Feeling absurd and giddy all at once, Harry did as he said, pressing out on the grasp that was burning into him, feeling sweat break out on his chest and back, and the
ah
he produced seemed like a shout, like no noise he normally made.

‘Good,’ Browning said, hands still in place. ‘Now breathe normally and say,
I wasn’t sure of the address
.’

‘I wasn’t sure,’ Harry began, with no hesitation, no stutter, then broke off as he felt Hector Browning plant a firm kiss on the nape of his neck.

For a minute or two they stood there, Browning’s lips and nose pressing from one side and his hands from the other, and then, very, very hesitantly, Harry brought his hands up to rest on top of the other man’s, at which Browning kissed him again and brought one of his legs forward so that it nestled between Harry’s.

‘I hav—’ Harry began, and stuttered.

‘Stop,’ Browning murmured. ‘Breathe in. Now tell me.’

‘I have absolutely no idea what to do,’ Harry said, without stuttering.

‘I know exactly what to do. Turn round.’

Harry turned to find Browning’s handsome face inches from his own. Browning smiled, then kissed him on the lips.

There was a small bedroom off the consulting room, and a minute bathroom with a view of drainpipes.
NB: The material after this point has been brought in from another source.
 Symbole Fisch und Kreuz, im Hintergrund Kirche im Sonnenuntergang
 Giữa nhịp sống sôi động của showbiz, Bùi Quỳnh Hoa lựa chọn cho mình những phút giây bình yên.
Some forty minutes later, as they lay panting and naked across the bed, which was so narrow that one or other of them had always to be beneath the other, Browning murmured, ‘Most of my students come in the late mornings. I am always free between half past two and four o’clock. My door won’t be locked. If I’m out when you arrive, just get in the bed and wait for me.’

They were lovers for over a year. Animal instinct told Harry that the only way to stay sane during such an undertaking was not to analyse it. But of course he did analyse it, because he was moderately intelligent, sensitive and underoccupied, and because there were usually a hundred and sixty-four hours of each week’s hundred and sixty-eight when they were not together. He was soon an expert at the risk he was taking. The notorious trials of the 1890s had left their mark. If caught, they risked imprisonment with hard labour as well as a lifetime of disgrace.

‘But we won’t be caught,’ Browning insisted. (It was an oddity of their intimacy that Harry could never quite think of him as Hector and never called him anything.) ‘The ones who are caught are the fools who stray beyond their class or age group.’

Harry was thinking that they weren’t of quite the same class, then remembered that his sister-in-law was now a chorus girl, which had rather blurred such distinctions.

‘Besides,’ Browning went on, ‘you come to me for speech lessons, of which you speak to no one because you’re so terribly ashamed.’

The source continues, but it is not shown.